Shopping for an arcade…uh, a home

We have lived in the greater Seattle area for about six years from Texas. We rented a large but poorly maintained house (due to the landlord’s lack of care), which has been less than ideal. The house did have a nice sized area for a workshop but the space for the arcade soon outgrew our collection causing about 35% of the games to never make it out of the workshop.


This time was right this spring to buy our own place in the PNW. A walk-out basement was on the priority list of features so the entire collection could be in one place (along with other non-arcade factors).

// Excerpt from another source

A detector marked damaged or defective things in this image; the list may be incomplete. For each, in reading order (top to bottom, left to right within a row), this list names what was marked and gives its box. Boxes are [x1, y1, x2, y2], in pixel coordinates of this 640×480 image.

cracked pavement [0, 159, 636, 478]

Basements are not as common in the Seattle area as other places around the USA, and with other factors we desired in a house added to this (a nice kitchen, around 2600 square feet) we had a feeling that we would have to make some sacrifices from our “ideal dream home” or even, gasp, downsize the collection of games in the arcade.


No arcade games on this floor, sad really...

For those of you who may be unfamiliar with the Seattle area, real estate is crazy expensive here with little sign of slowing down. The average home price is around 900k and most homes stay on the market less than a week. Thanks to a really great realtor and a bit of luck we found a great place that checked all the boxes. Our new home is a recent build with all the features and things we hoped for and a great location to boot. Since our new home was only about ten minutes from our old place we elected to move ourselves in a decision right up there with Napoleon invading Russia or letting William Shatner write and direct Star Trek V.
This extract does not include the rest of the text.